Even though it’s not an IIFE V8 will apply it’s heuristic to do a full parse from the start:

[parsing script: /Users/mattzeunert/test.js - took 0.029 ms]
Hi Sparkle!

Optimize-JS

Rather than manually making these optimizations and making our code harder to read we can use a tool called optimize-js.

In practice a common cause of unnecessary pre-parses is that the minifier UglifyJS removes the parentheses from IIFEs to save bytes:

(function(){
    console.log("hi")
})()

This becomes:

!function(){console.log("hi")}();

That doesn’t change the behavior of the code, but it does break Chrome’s heuristic.

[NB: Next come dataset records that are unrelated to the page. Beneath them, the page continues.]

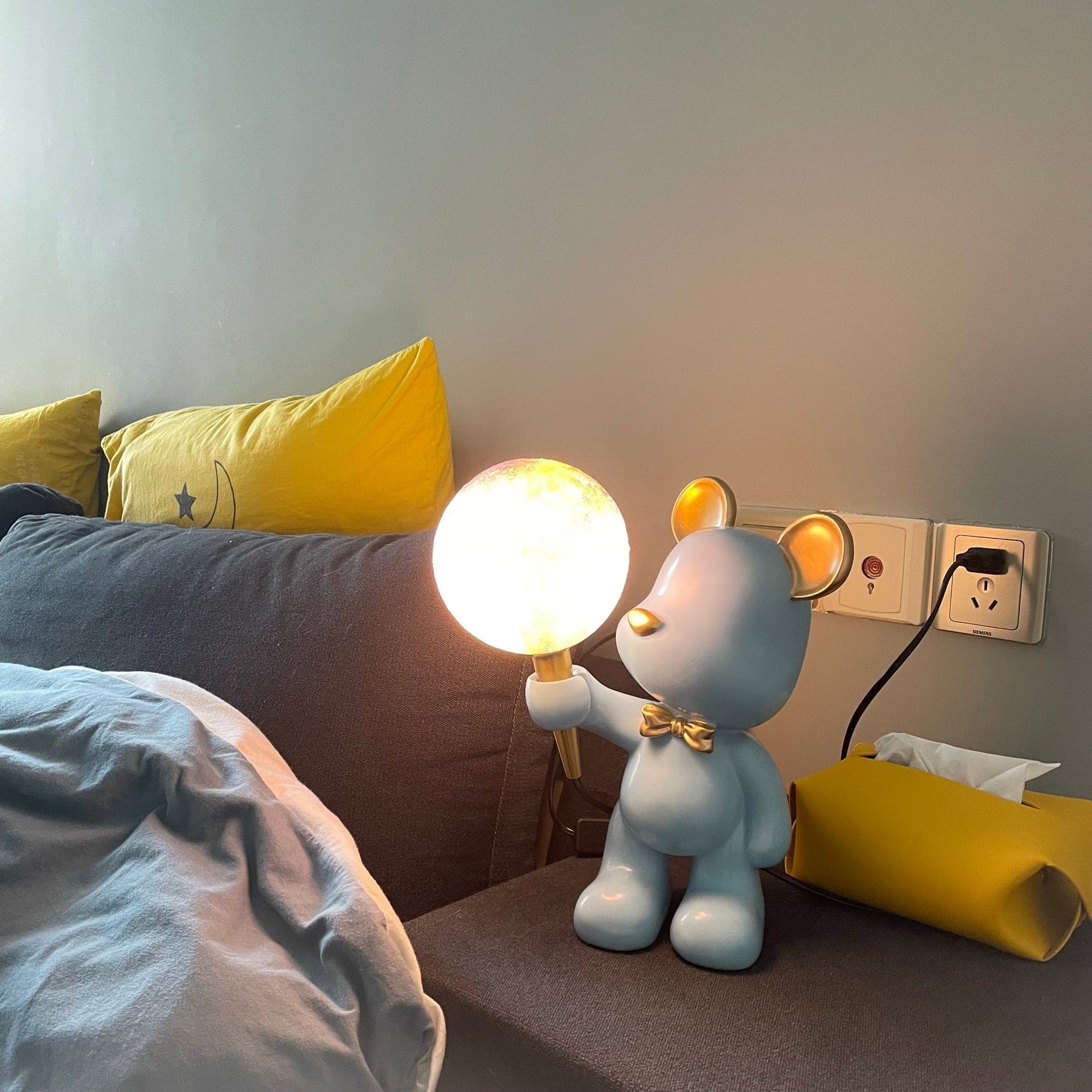 Creative Bear Planet Table Lamp - Lumpaz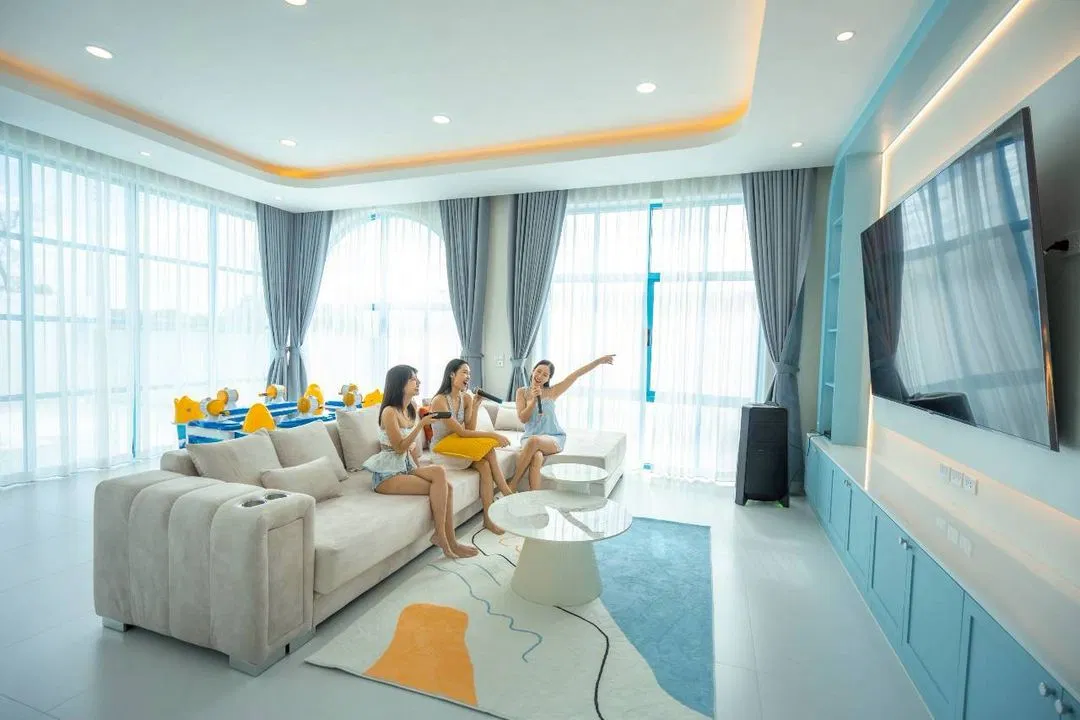 ภายใน Blue Tierra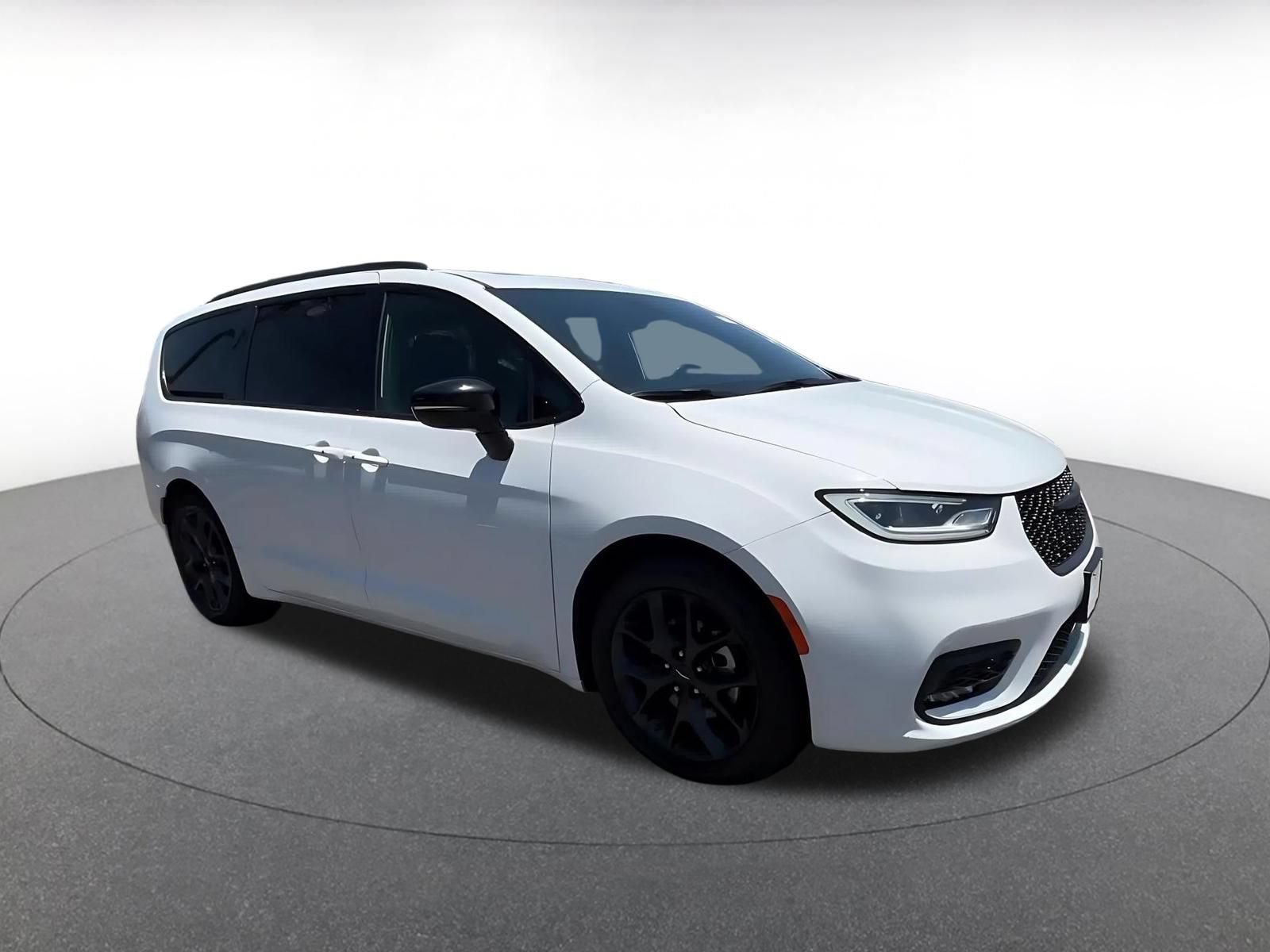 Used 2025 Chrysler Pacifica Limited FWD video 2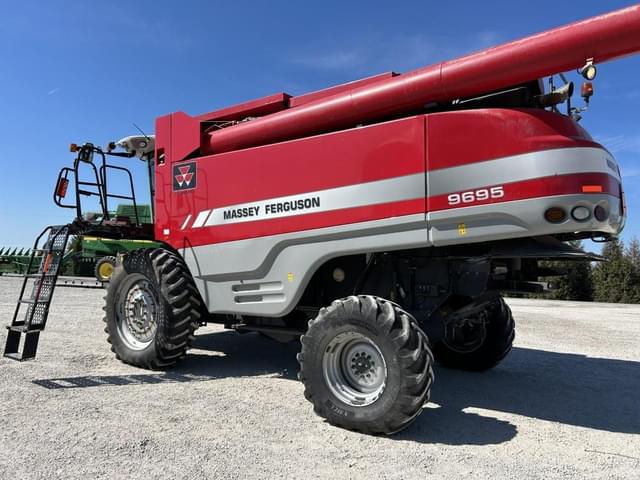 Image of Massey Ferguson 9695 equipment image 4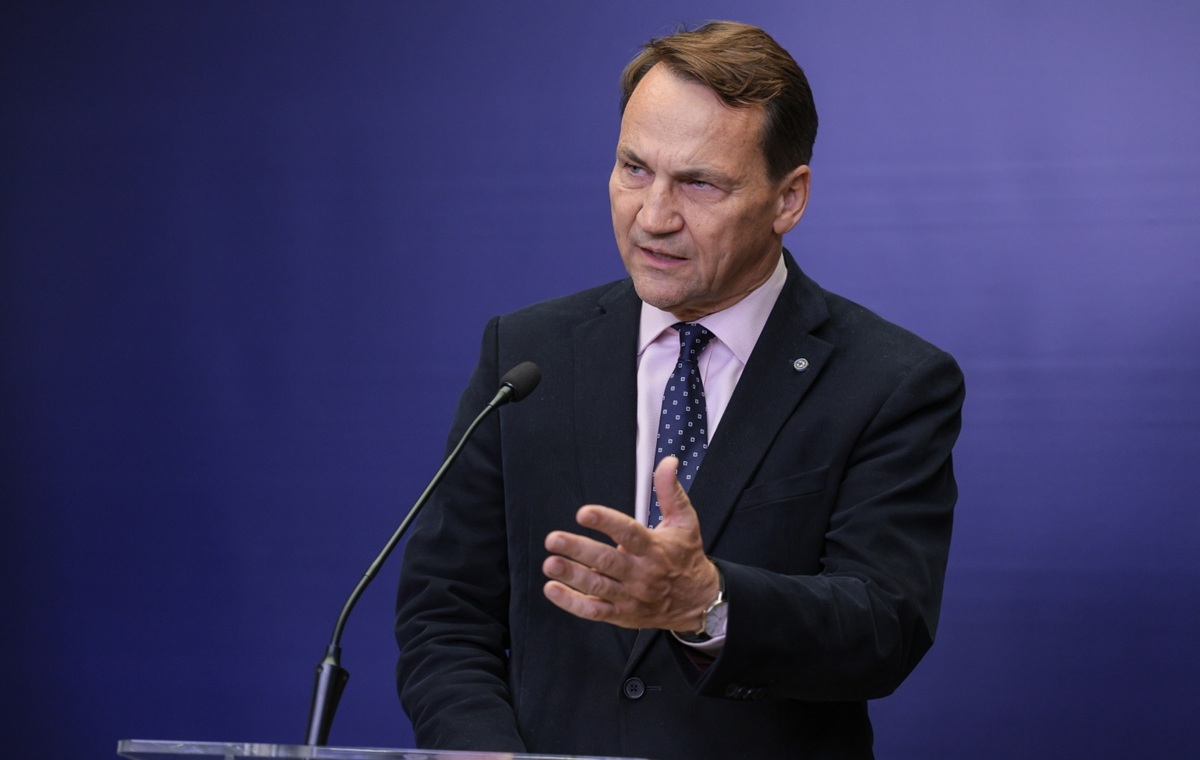 Sikorski szydzi ze skandalicznych słów Merkel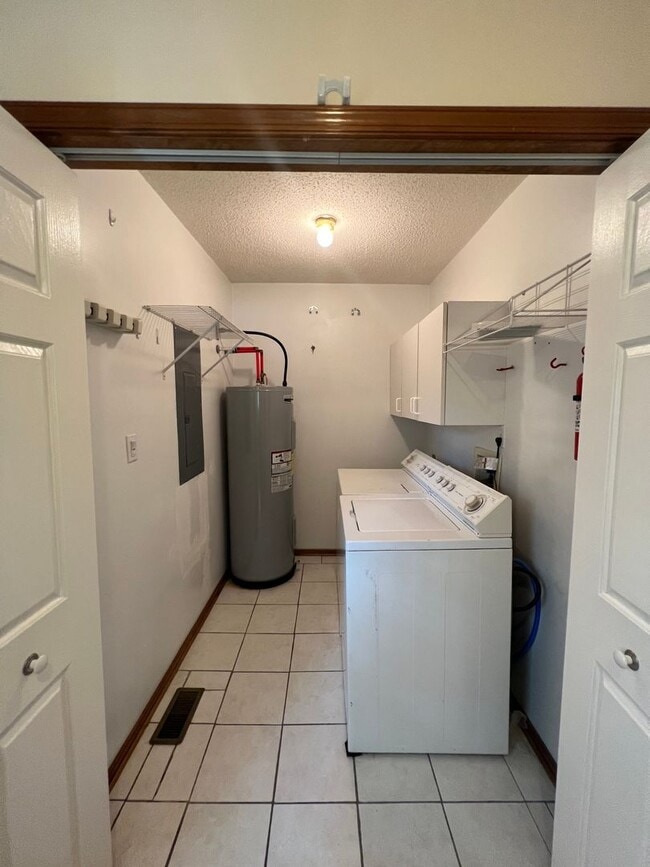 Building Photo - 7413 Cross Point Ln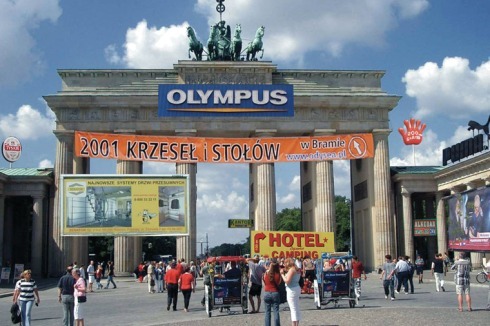 Künstlerische Überspitzung - die Montage "Polski outdoor na słynnych budynkach" montiert Werbung an das Brandenburger Tor, ...<br />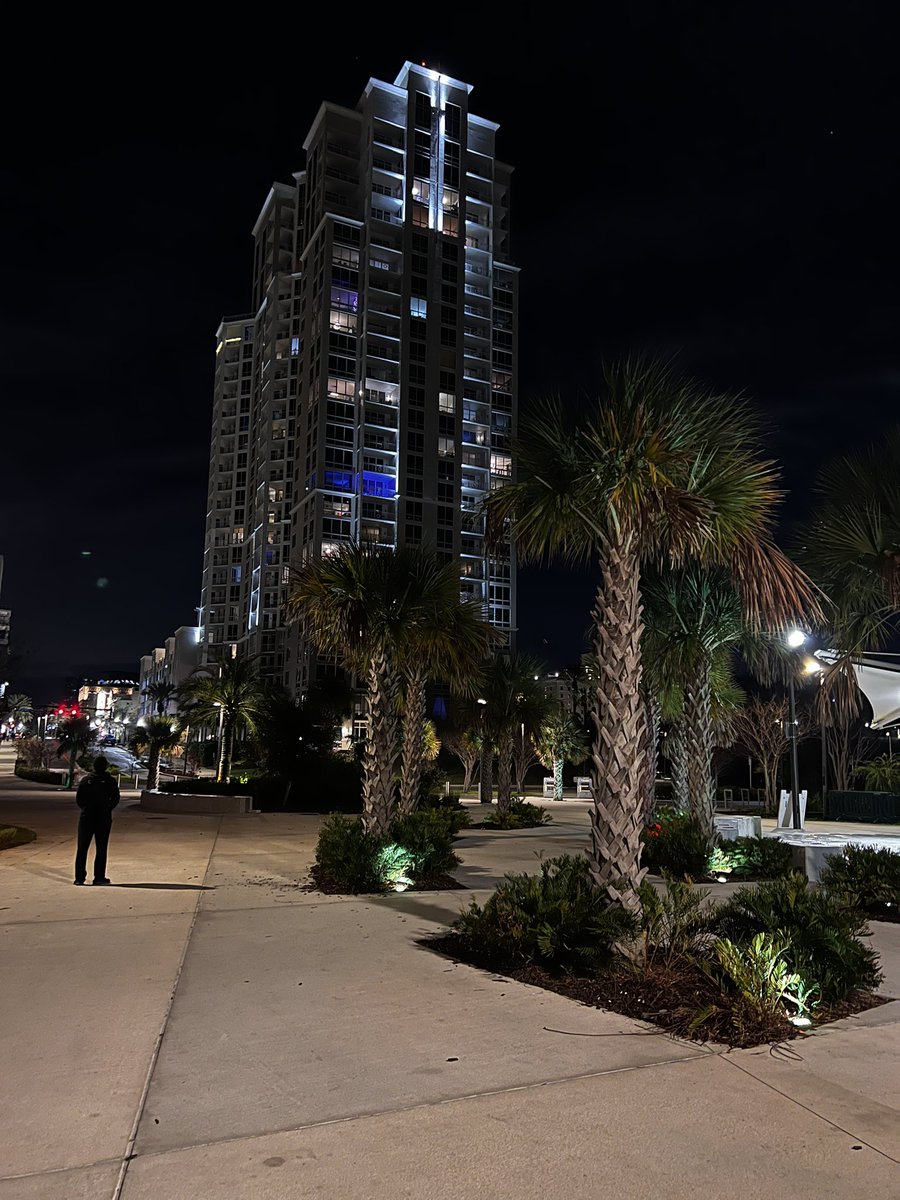 I love this city💗

I love being able to walk to the water everyday or night.

It’s really such a good vibe😍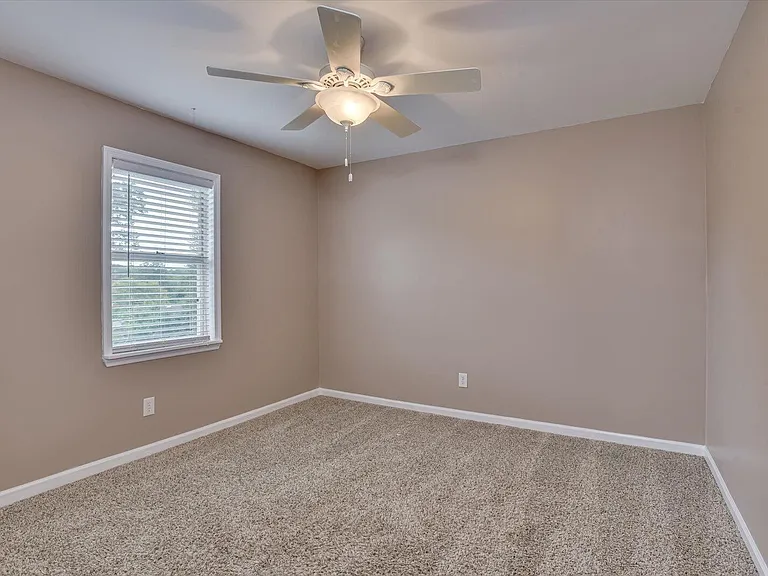 202 Holden Dr — Photo 26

If you run optimize-js on the minified code above the parenthesis are restored:

!(function(){console.log("hi")})();

Incidentally, the optimize-js readme points out that Chakra, the JS engine used in Edge, is able to correctly detect the !function(){}() IIFE syntax and prevent pre-parsing.

That fact also points to one limitation of these optimizations: they depend on the implementation of the JavaScript engine. You can expect their effectiveness to decrease as JavaScript engines become more sophisticated at deciding when pre-parsing is a good idea.

Are these optimizations worth the effort?

optimize-js has a few benchmarks showing impressive speedups around 20%. However, in Chrome on my laptop the actual improvement for a sample React app is only 6ms (script load time goes down from 24ms to 18ms).

The speedup will be more meaningful on slower devices. But not on iPhones: Safari’s JavaScriptCore engine shows no improvement for the optimized script.

Most likely there are more impactful things you can do to improve your websites’s performance. But if you’ve run out of ideas it’s worth giving optimize-js a try and measue if there’s a meaningful improvment.